Но, обрезав, наконец, пуповину, соединявшую ее со Старым Светом, Америка стала радикально отличаться от прочих стран. В ее основополагающем документе – Декларации независимости – заявлялось, что «все люди сотворены равными и наделены их Творцом определенными неотчуждаемыми правами, к числу которых относятся жизнь, свобода и стремление к счастью». Она задумывалась как страна равных возможностей, где никто не стонет под гнетом тирании королей и диктаторов, где каждый волен стать кем пожелает и воплощать свои мечты. Америка была не такой, как все. Жившие в ней мужчины и женщины, как пишет профессор истории Кэрол Джордж, «принимали как должное реальность избранного народа избранной страны, получившей безусловное признание за высокую социальную мобильность и стабильное величие нации».

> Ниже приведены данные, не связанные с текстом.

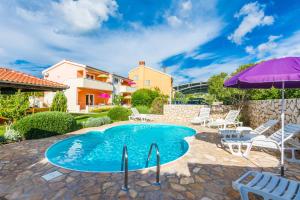 a swimming pool with chairs and an umbrella at Apartmani Albi in Zaton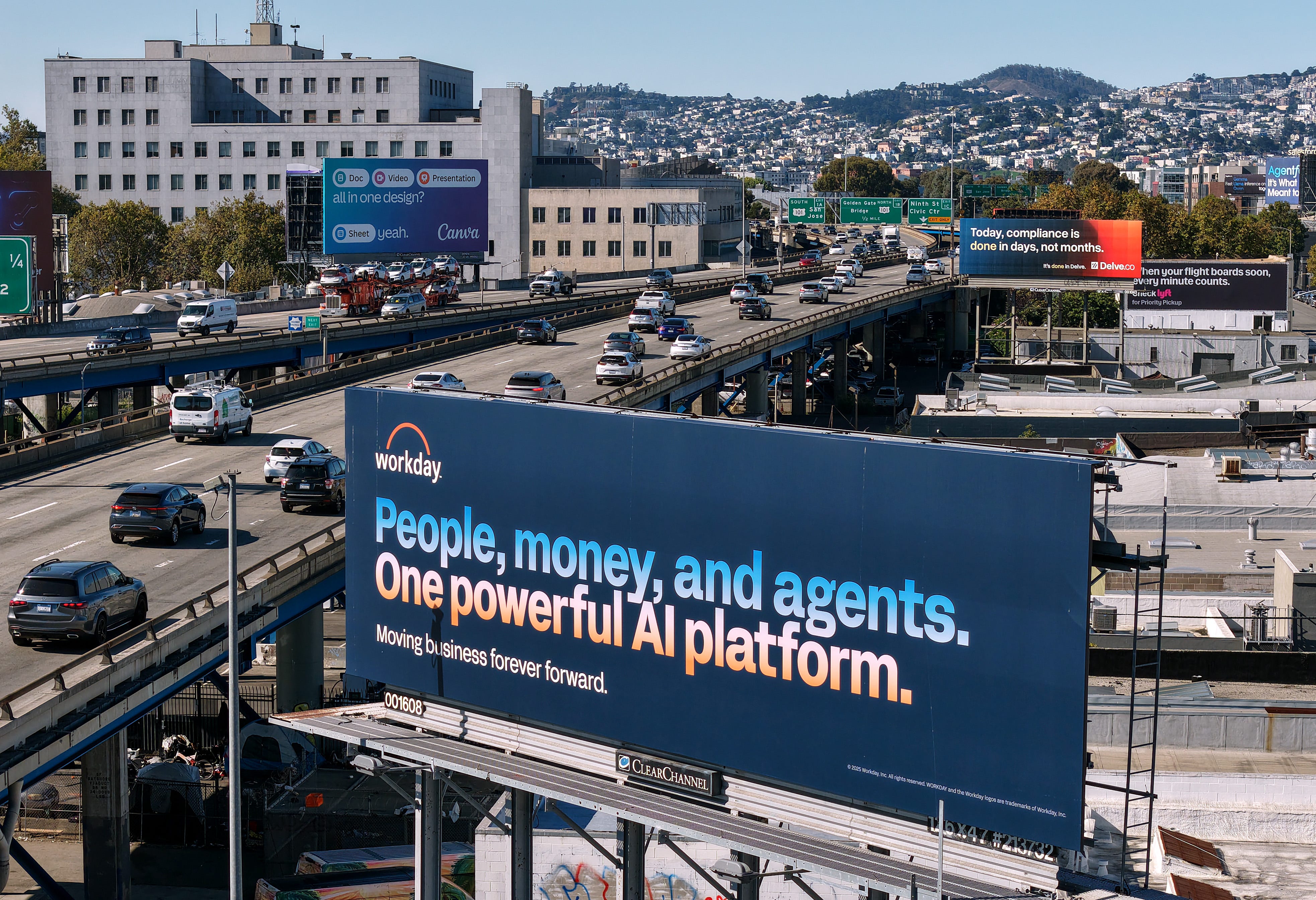 SAN FRANCISCO, CALIFORNIA - SEPTEMBER 16: In an aerial view, a billboard advertising an artificial intelligence (AI) company is posted on September 16, 2025 in San Francisco, California. As AI companies open offices in San Francisco, billboards advertising AI companies are appearing throughout the city and along Interstate 80. (Photo by Justin Sullivan/Getty Images)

Таковы предпосылки американской революции эго, затронувшей нас всех. В отличие от идей фрейдистов и европейских христиан, новое видение предполагало, что человек изначально заслуживает лучшего и внутри него уже заложено все, что сделает его здоровым, богатым и счастливым. Разумеется, отчасти это возрождение древнегреческой идеи безграничного совершенствования, основанной на всемогущем «я». Общим у двух стран была еще и необычная обособленная организация: в то время как Греция делилась на полисы – города-государства, Америка была содружеством «соединенных штатов», чья независимость от центральной власти (кроме открыто оговоренных исключений) освящена в Билле о правах. Вполне объяснимо, что этот новый особенный ландшафт дал мощный толчок развитию индивидуализма.
Но, разумеется, чтобы люди смогли по-настоящему измениться, должно было сперва измениться то, как они сходятся с другими и обходят их. Долгий XIX век стал эпохой интеллектуальной и экономической революции, во время которой достижения в науке, технологиях и производстве буквально перевернули представления о том, кто мы есть. То была эра Дарвина, Пастера и доктора Джона Сноу [38], паровых машин и массового производства, железных дорог, электрификации, повышения уровня жизни; истоков социальной мобильности; магнетизма, гипноза, электричества, генов, наследственности, адаптации, эволюции, микробов, инфекций, сил природы – невидимых и вездесущих – внутри нас, под землей и в воздухе. Эта великая буря, без сомнения, сотрясла западное «я».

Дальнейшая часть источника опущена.